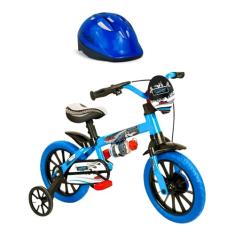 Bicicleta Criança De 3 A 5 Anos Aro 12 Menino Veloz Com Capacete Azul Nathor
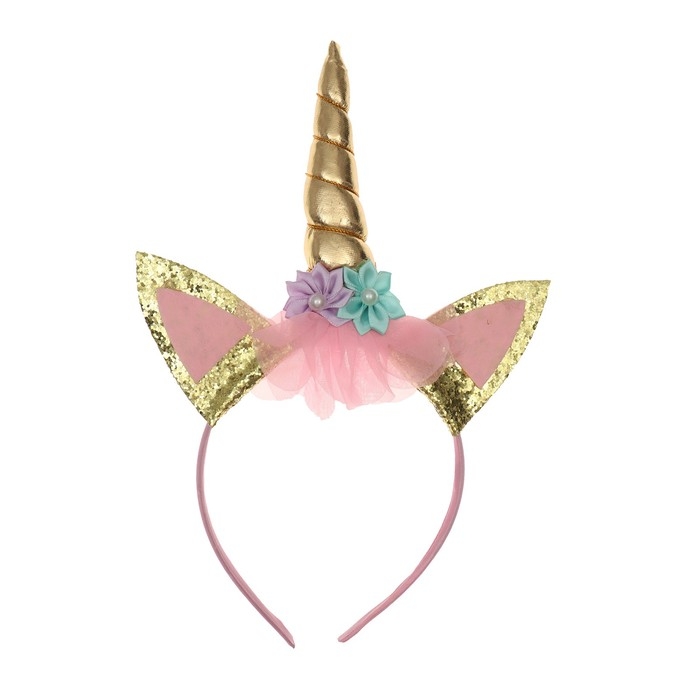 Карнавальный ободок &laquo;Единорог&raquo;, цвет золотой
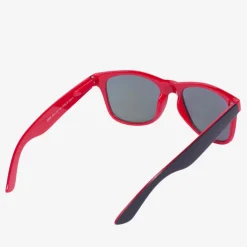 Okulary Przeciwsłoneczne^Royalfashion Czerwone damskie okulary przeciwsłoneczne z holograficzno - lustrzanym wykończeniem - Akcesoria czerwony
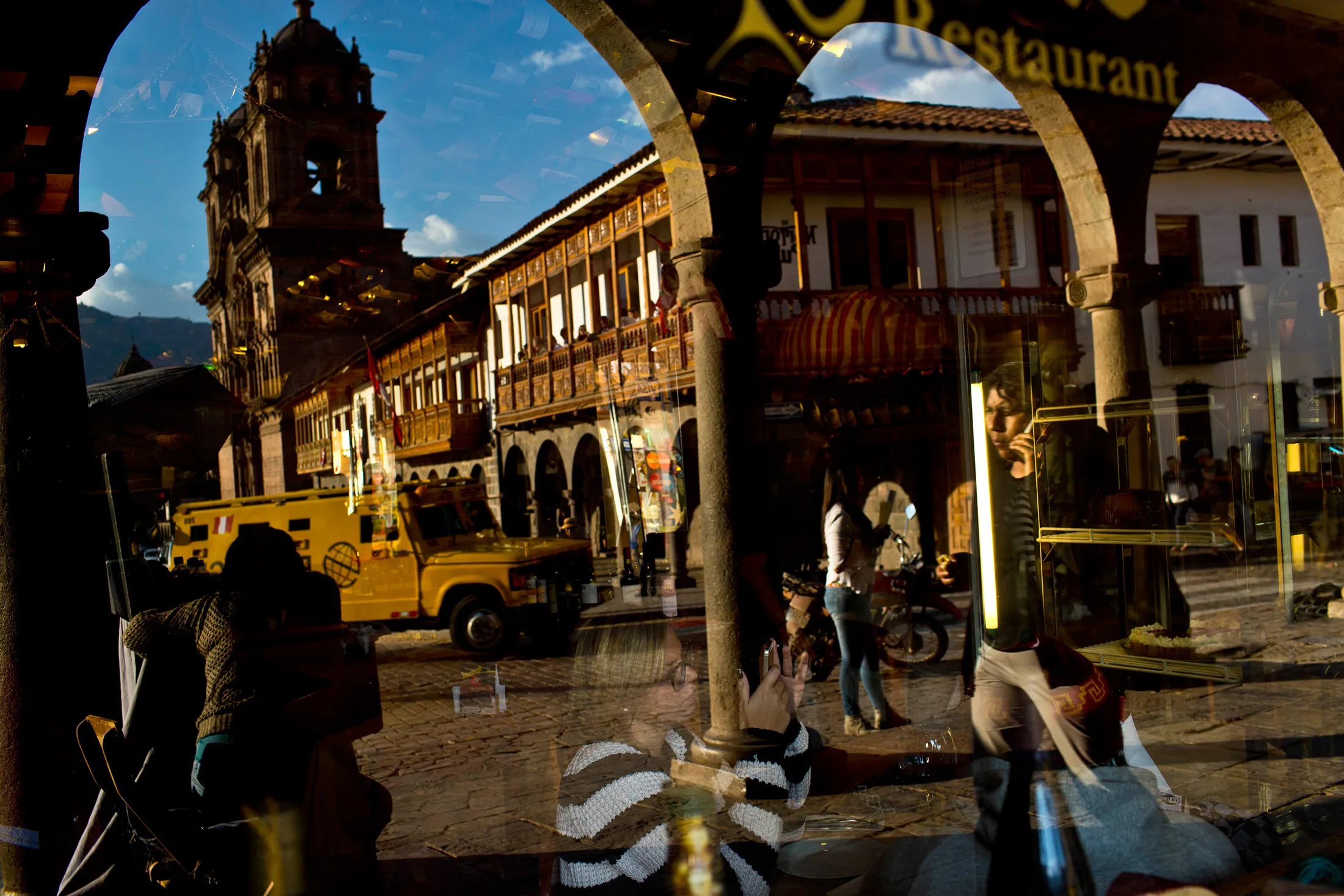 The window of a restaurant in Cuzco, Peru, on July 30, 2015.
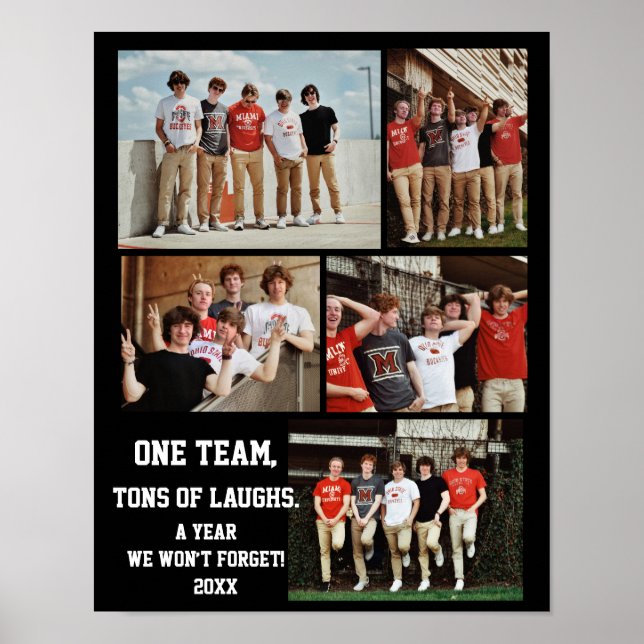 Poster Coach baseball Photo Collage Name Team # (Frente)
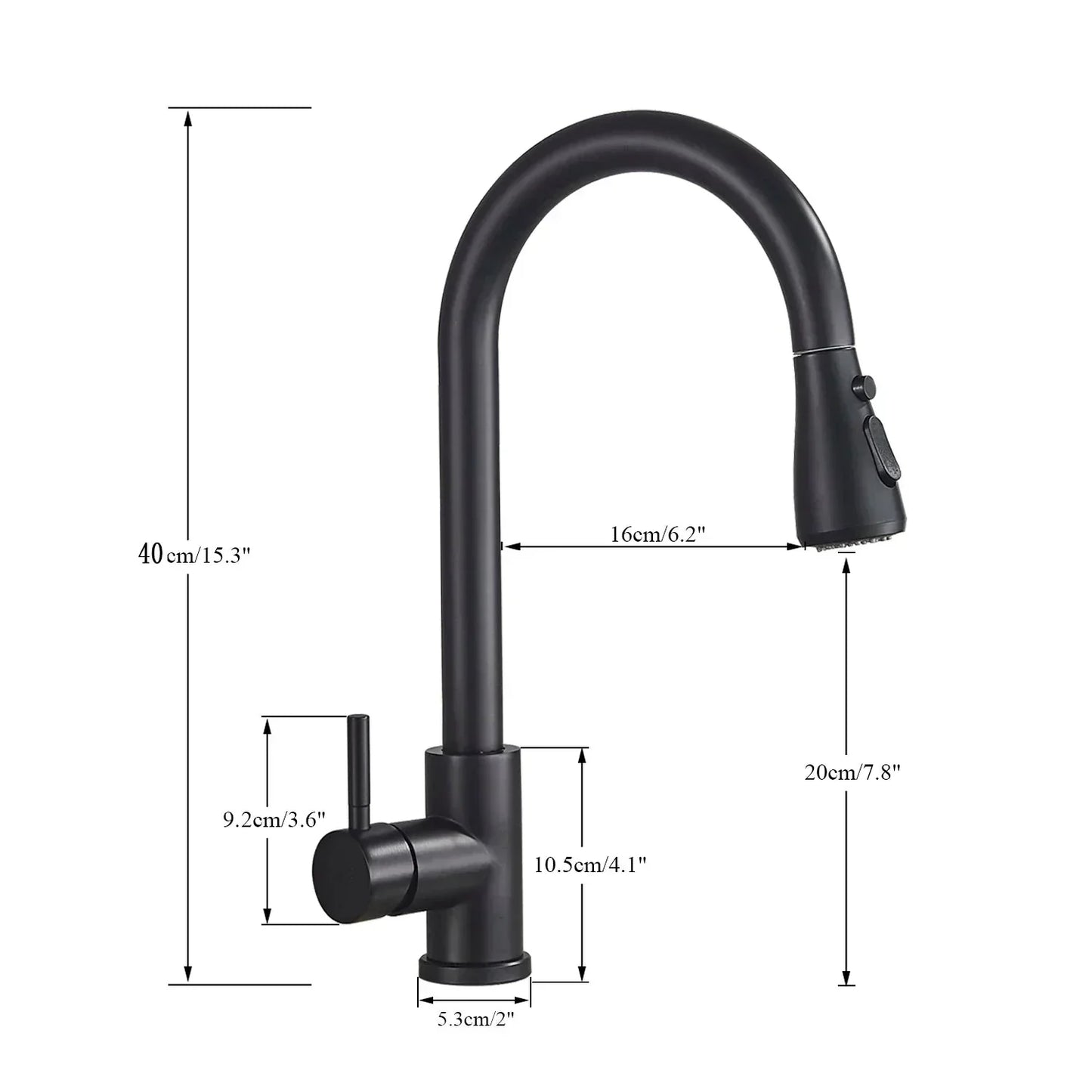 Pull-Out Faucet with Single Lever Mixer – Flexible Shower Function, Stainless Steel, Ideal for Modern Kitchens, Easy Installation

==

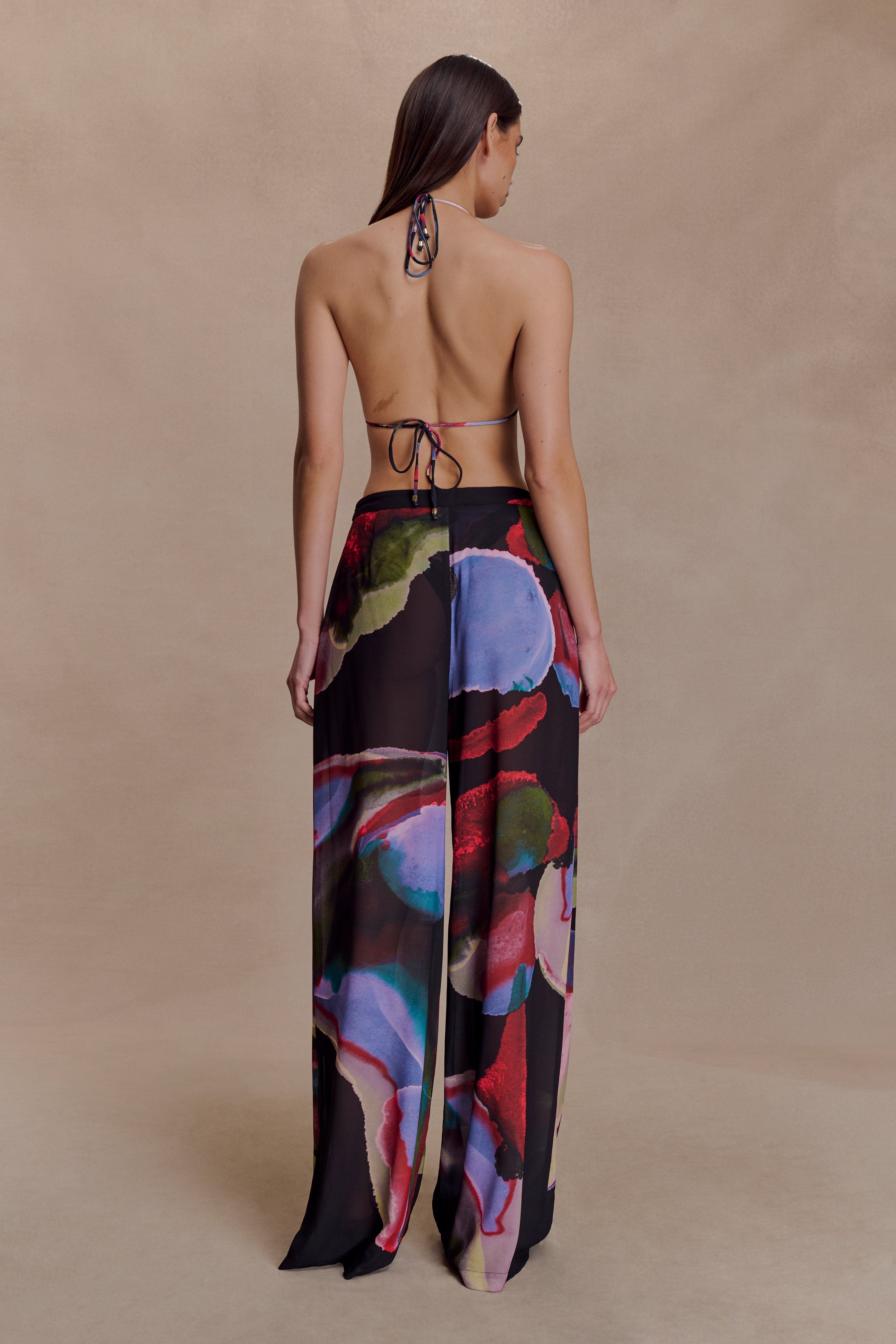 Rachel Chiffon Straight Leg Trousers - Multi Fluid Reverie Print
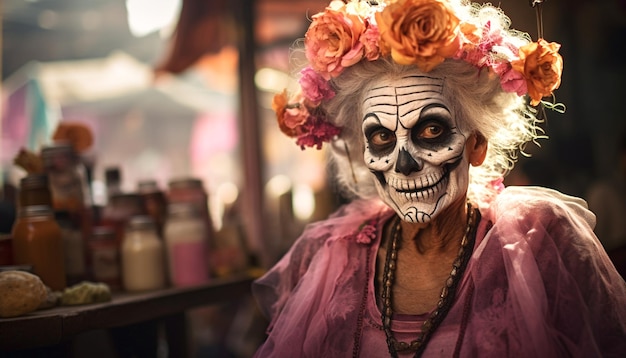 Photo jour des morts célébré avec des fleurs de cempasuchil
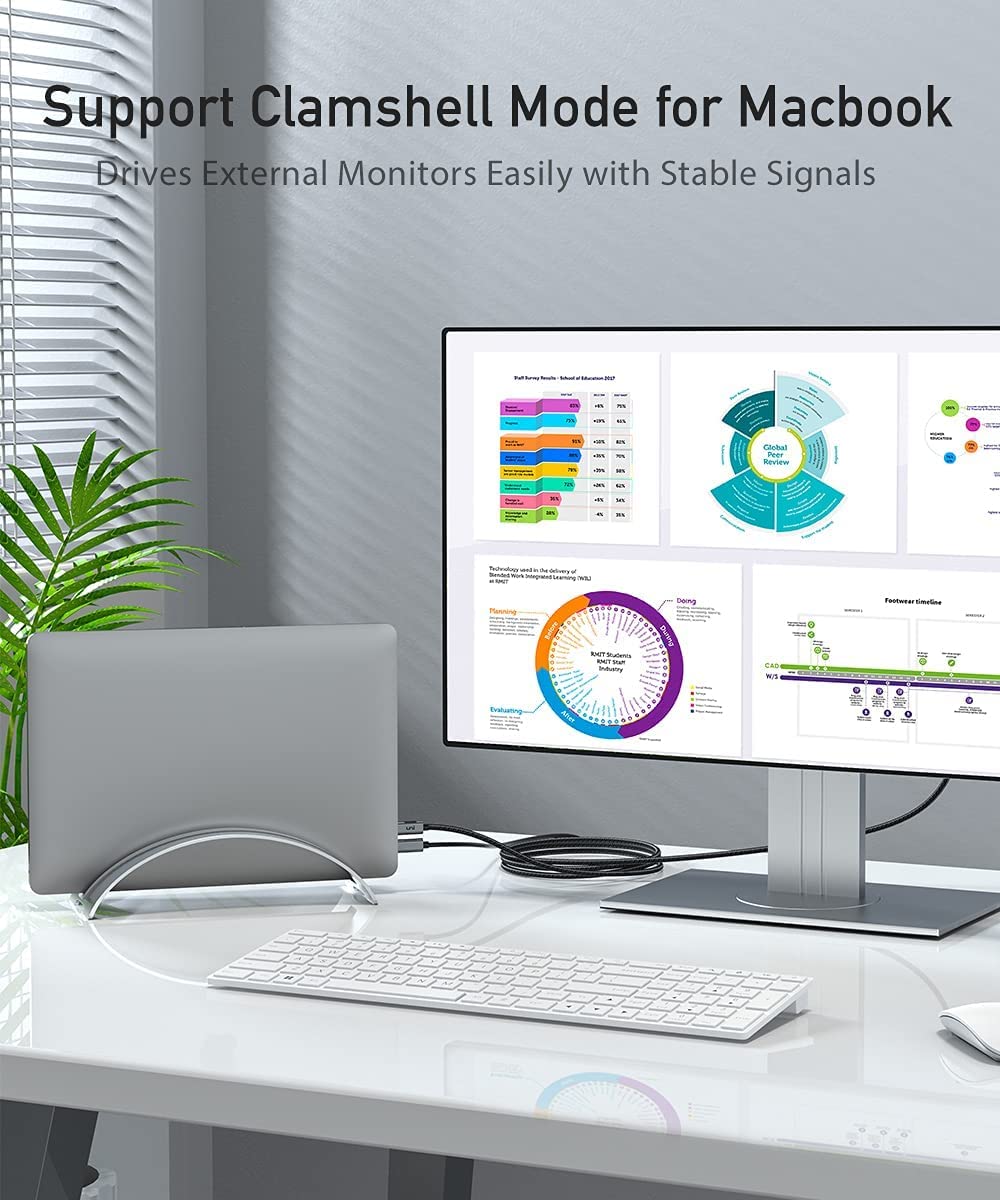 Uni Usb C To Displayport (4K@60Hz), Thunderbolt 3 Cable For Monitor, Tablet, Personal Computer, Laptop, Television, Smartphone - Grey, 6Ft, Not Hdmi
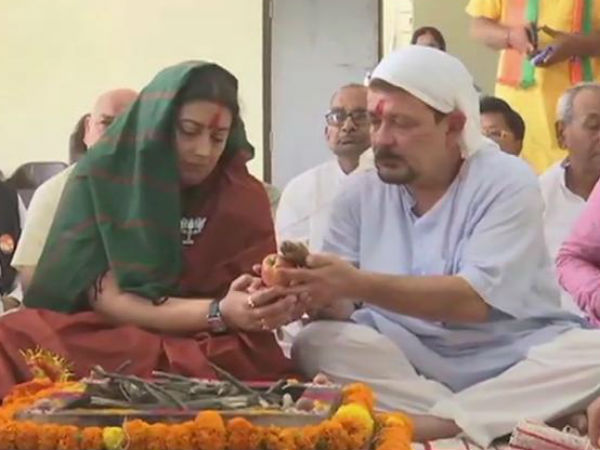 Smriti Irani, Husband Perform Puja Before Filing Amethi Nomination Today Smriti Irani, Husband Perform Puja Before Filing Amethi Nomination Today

● Task goal
Write down exactly what the lines above say, from the line holding "Poster Coach baseball" through the line holding "Pull-Out Faucet with", and nothing more. Do not copy the pictures.

● Result
 Poster Coach baseball Photo Collage Name Team # (Frente)
 Pull-Out Faucet with Single Lever Mixer – Flexible Shower Function, Stainless Steel, Ideal for Modern Kitchens, Easy Installation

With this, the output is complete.